In un’ampia intervista rilasciata a Mundo Obrero, rivista del Partito Comunista Spagnolo, Alberto Garzon ha spiegato che gli obbiettivi che si pone IU all’interno della coalizione è di migliorare i meccanismi di coordinamento interno, democratizzare le modalità di assunzione delle decisioni e soprattutto di riuscire a costruire un tessuto organizzato più forte attraverso le confluenze di forze nei territori. La prospettiva viene sintetizzata con la parola d’ordine: “più unità, ma una unità migliore”1.
Il leader di IU ha rivendicato la giustezza della scelta di entrare a far parte della coalizione di governo, pur sapendo di dover governare con un socio che ha idee diverse su alcuni temi sensibili. L’opzione perseguita andava valutata nel contesto, quello di una certa stabilità tra i blocchi, il blocco progressista o delle sinistre e il blocco conservatore o reazionario, con un incremento spettacolare dell’estrema destra.

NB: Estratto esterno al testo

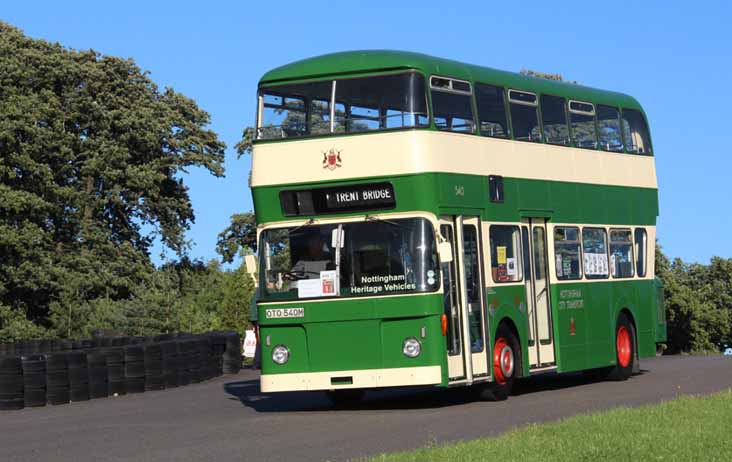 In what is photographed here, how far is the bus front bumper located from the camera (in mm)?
20219

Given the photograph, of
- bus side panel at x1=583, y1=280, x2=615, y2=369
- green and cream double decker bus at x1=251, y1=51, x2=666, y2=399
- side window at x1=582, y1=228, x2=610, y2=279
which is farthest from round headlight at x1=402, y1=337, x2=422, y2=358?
side window at x1=582, y1=228, x2=610, y2=279

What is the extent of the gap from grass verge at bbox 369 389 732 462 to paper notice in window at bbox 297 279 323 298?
189 inches

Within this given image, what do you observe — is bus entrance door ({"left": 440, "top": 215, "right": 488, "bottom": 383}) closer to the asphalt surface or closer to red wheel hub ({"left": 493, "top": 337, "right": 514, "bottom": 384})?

Garzon sottolinea che nell’ultimo periodo si è riscontrata una offensiva “brutale” contro Unidas Podemos, Izquierda Unida e Pablo Iglesias per ridurne l’influenza politica in una fase nella quale si potranno disporre di risorse ingenti, frutto di una battaglia importante condotta a livello europeo (75 miliardi di euro). La sinistra è sotto attacco perché parla di “riforma delle pensioni e riforma del lavoro, vogliamo parlare di modernizzazione del Paese e abbiamo un’agenda politica che si focalizza sulla struttura del potere e della ricchezza”.
La sinistra radicale, anche con qualche mutamento di equilibri all’interno, cerca di fronteggiare questo attacco da parte di settori importanti dell’oligarchia spagnola e di far pesare il suo ruolo nelle istituzioni e nella società.